Pianiste de Music-Hall virtuose, Liberace connait une brillante carrière aux États-Unis des années 1950 aux années 1970. Il se produit régulièrement lors de cette décennie à Las Vegas, où il rencontre Scott Thorson, jeune homme qu'il prend sous son aile. La relation entre les deux hommes, ayant trait à la fois à la sexualité, au romantisme, aux gros sous et à la manipulation, va durer plusieurs années, jusqu'à ce que la star se lasse de son bel Adonis, vieillissant, accro aux pilules et à la cocaïne.
Se basant sur le récit qu'en fit plus tard Scott Thorson lui-même, Steven Soderbergh s'est penché sur cette relation tenue cachée à l'époque, Liberace n'ayant jamais reconnu son homosexualité. Lui qui posait toujours un chandelier sur son piano, comme une signature visuelle, laissait dans l'ombre toute une partie de son existence. Le réalisateur a souhaité explorer toutes les facettes de cet homme, qui était peut-être davantage image que musique.
Les décors, les costumes et le maquillage valent à eux seuls le ticket d'entrée. C'est un délire visuel de couleurs, de matières, de clinquant, de surabondance. Il y a de tout, partout et toujours. Le jour est écrasé par le soleil du Nevada et de Californie. La nuit étincelle de strass, de sunlights et de bougies au bord des baignoires à robinets d'or. Les hommes sont à l'image des lieux et des objets, trop et pas assez dans le même mouvement. A la fois très loin de qui ils étaient avant tout ça et de l'image qu'ils ont d'eux même.
On se dit un moment que c'est trop, que Soderbergh doit bien en rajouter un peu, puis on se souvient des tenues d'Elvis, de la Villa Versace à Miami et du visage de Barry Manilow et instinctivement, on comprend que non, que quelque chose en Amérique est réellement comme ça; l'abondance jusqu'à l’écœurement.
Très vite, on comprend aussi que ces deux hommes dans leur palais doré ne peuvent qu'être malheureux. La grande force de Soderbergh est de suivre son sujet sans forcer le trait là où la situation initiale se suffit à elle-même. Il nous montre Liberace et son amant avec la plus parfaite neutralité, ces deux personnages excessifs parlant d'eux-même. Ils sont tour à tour répugnants et touchants. On les déteste, on les plaint et ils nous font rire. Beaucoup rire d'ailleurs, c'est un film vraiment très gai ! Soderbergh évoque à merveille ces stars un peu trash, qui brillent, qui choient et qu'on adore crucifier. La compassion qu'elles inspirent a toujours ses limites: on ne parvient jamais à les aimer pour de vrai, car elles réveillent en nous trop de mauvais instincts, moches mais délicieux, comme la déco de la maison de Liberace.

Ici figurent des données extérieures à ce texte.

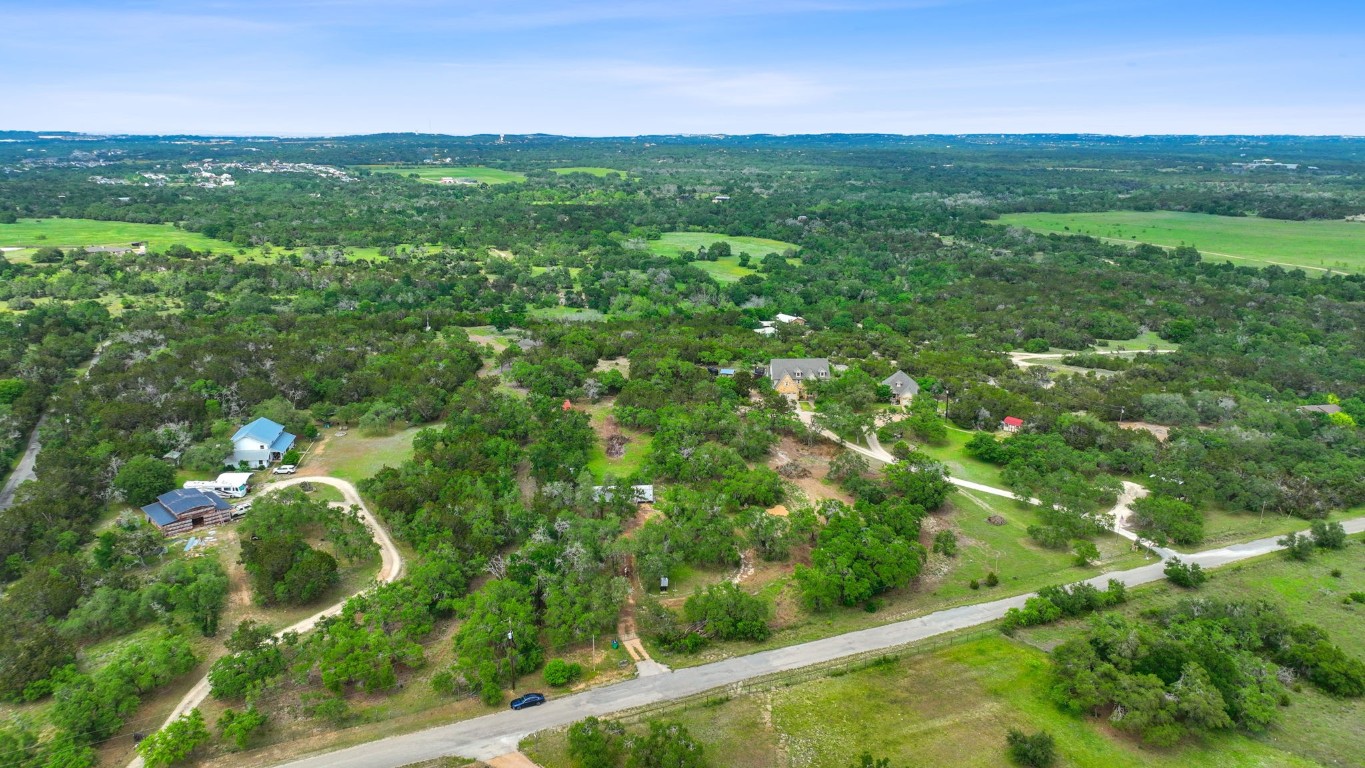 385 Country Lane Dripping Springs, TX 78620 - Photo 25 of 27 a view of a big yard with large trees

Michael Douglas, Matt Damon, et Rob Lowe, qui n'ont pas été épargnés question fond de teint, paillettes et brushings aux rouleaux, semblent beaucoup s'amuser et donnent au film un rythme endiablé.

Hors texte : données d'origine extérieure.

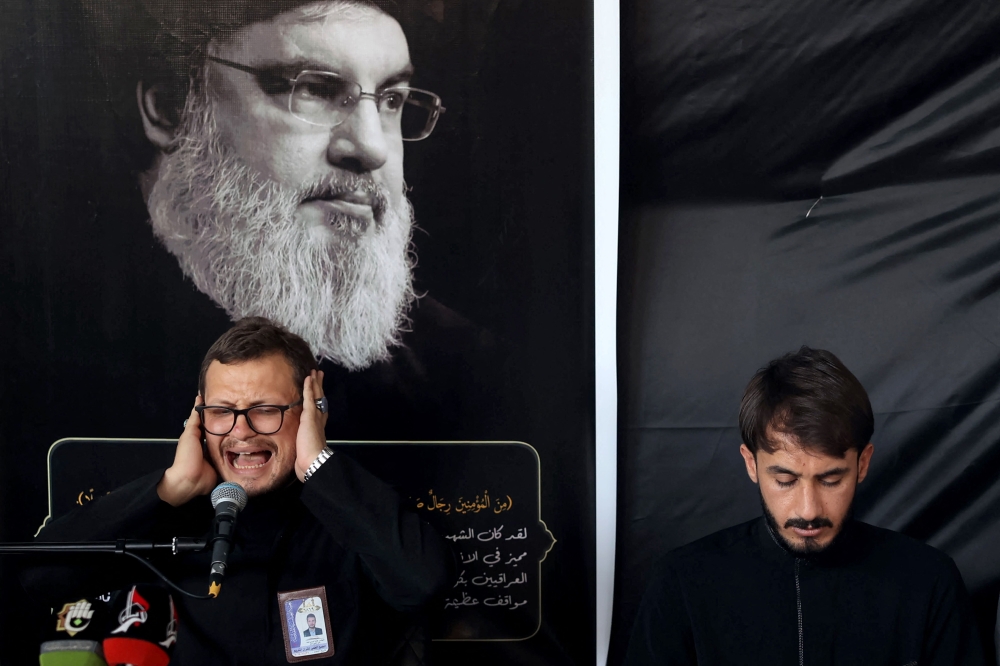 A man recites verses from the Quran during a memorial service for Hassan Nasrallah, the late leader of the Lebanese group Hezbollah who was killed in an Israeli air strike in Beirut days earlier, in Iraq’s central holy shrine city of Karbala on September 29, 2024. — AFP pic 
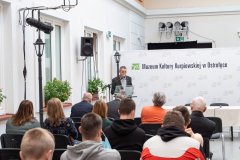 Uczestnicy konferencji słuchają przemówienia prelegenta stojącego przy mównicy z lewej strony sali. W tle ścianka z napisem Muzeum Kultury Kurpiowskiej w Ostrołęce oraz logotypami Muzeum.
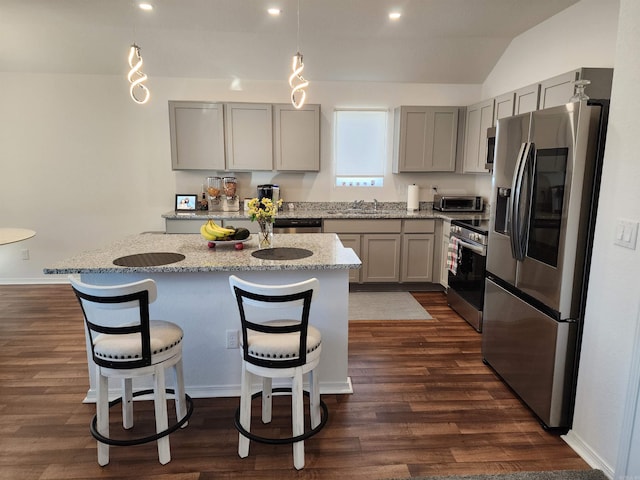 kitchen with light stone countertops, lofted ceiling, dark wood-type flooring, and appliances with stainless steel finishes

Plus que la séparation à couteaux tirés des deux amants, c'est la mort de Liberace, rattrapé par le SIDA et par l'annonce de sa maladie dans les médias, qui semble sonner la fin de la récréation. La fin d'une époque, insouciante mais aussi froide et clinquante, dont on ne sait trop s'il convient de la regretter.
A cette époque, j'étais toute petite et je regardais l'Amérique dans le poste de télévision. Starsky et Hutch, Les drôles de dames..., ce sont mes premiers souvenirs liés aux États-Unis. Ma vie avec Liberace m'a rappelé cela.